Comment analysez-vous la situation socio-économique des Syriens, épuisés par le conflit ? Une nouvelle étincelle révolutionnaire est-elle possible ? Ou Bachar al-assad est-il promis à « bel avenir » ?
La situation socio-économique est terrible, avec une pauvreté et un chômage élevés. La destruction des infrastructures, des habitations, des écoles et des hôpitaux, et l’effondrement des secteurs agricole et industriel, de même que le déclin du tourisme et la chute des prix du pétrole réduisent les revenus et les budgets et rendent les conditions de vie extrêmement difficiles partout dans le pays. À cela s’ajoutent la dévaluation record de la livre syrienne, la grande crise du système bancaire libanais (où des fortunes syriennes sont déposées), et la mauvaise gestion et la corruption des instances gouvernementales et administratives syriennes.

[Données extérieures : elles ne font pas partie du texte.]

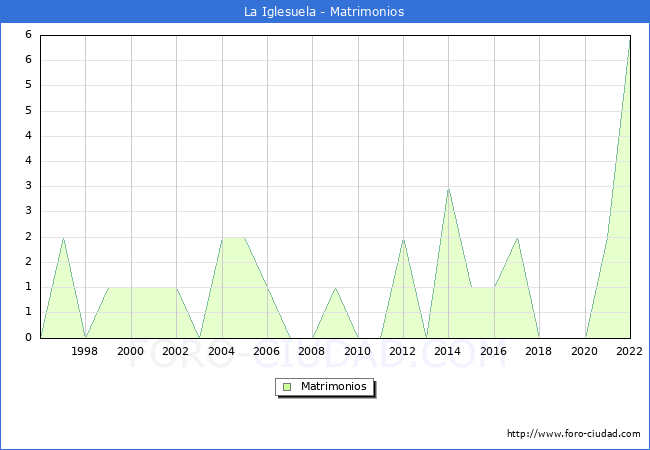 Numero de Matrimonios en el municipio de La Iglesuela desde 1996 hasta el 2022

Bachar al-assad peut crier au complot, jouer la carte de la victimisation face aux sanctions américaines et européennes, et prétendre que la reconstruction commencera bientôt. Mais l’impact des sanctions sur l’économie nationale n’est pas à l’origine de son effondrement et elles touchent des dignitaires du régime et des hommes d’affaires affiliés au clan familial ou aux officiers et sociétés russes et iraniennes. Le « bel avenir » promis par Bachar al-assad va donc attendre, même si une nouvelle étincelle révolutionnaire ne semble pas être à l’ordre du jour, vu la fatigue de la population et les destructions.
En février 2021, un tortionnaire syrien a été condamné à la prison en Allemagne et, en mars, une plainte a été déposée en France contre Damas pour usage d’armes chimiques. Comment le régime fait-il face à la justice internationale ?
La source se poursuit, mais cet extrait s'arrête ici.